#### WHAT THE TASK ASKS
Search the records for "Blue" and copy each line that holds it.

DATA TO USE below:

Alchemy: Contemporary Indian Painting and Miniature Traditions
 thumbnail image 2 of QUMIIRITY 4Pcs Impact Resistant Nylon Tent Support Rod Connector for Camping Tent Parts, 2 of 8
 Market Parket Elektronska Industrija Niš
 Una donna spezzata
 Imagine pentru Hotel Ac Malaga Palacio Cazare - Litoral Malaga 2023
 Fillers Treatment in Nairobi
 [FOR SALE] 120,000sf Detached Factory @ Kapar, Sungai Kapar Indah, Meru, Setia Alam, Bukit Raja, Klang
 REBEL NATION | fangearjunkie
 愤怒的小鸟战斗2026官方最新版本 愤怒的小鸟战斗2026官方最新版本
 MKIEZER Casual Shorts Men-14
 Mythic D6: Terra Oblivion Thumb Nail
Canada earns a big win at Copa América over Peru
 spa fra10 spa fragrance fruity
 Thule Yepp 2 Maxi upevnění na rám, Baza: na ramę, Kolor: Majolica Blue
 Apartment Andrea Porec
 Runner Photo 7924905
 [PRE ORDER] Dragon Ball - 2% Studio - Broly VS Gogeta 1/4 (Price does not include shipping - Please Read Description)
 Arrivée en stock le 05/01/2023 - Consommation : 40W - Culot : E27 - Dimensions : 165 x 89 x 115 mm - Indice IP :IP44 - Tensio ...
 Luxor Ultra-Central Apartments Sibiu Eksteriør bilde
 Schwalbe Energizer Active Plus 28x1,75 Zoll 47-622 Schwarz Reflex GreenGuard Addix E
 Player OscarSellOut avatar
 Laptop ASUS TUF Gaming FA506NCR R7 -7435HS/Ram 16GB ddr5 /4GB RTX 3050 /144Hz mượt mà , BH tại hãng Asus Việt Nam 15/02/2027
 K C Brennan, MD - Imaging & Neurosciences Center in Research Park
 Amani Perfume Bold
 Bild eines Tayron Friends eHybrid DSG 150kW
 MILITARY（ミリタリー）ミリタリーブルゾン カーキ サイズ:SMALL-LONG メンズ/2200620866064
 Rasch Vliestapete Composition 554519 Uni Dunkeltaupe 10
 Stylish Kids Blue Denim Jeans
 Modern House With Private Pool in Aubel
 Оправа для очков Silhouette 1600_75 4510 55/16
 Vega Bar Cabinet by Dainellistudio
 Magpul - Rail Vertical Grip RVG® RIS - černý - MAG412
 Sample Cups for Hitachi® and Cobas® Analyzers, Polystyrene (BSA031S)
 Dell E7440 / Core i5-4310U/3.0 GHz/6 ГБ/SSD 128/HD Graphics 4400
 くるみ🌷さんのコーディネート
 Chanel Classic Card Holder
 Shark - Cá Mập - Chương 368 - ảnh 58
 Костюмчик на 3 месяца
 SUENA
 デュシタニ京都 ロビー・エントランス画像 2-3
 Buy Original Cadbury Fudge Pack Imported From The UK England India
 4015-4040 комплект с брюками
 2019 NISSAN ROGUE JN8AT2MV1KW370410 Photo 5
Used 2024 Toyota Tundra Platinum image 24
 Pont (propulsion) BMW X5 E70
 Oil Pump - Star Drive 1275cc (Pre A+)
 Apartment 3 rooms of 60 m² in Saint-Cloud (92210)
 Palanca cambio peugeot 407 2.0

End of DATA TO USE.

#### EXERCISE OUTPUT
 Thule Yepp 2 Maxi upevnění na rám, Baza: na ramę, Kolor: Majolica Blue
 Stylish Kids Blue Denim Jeans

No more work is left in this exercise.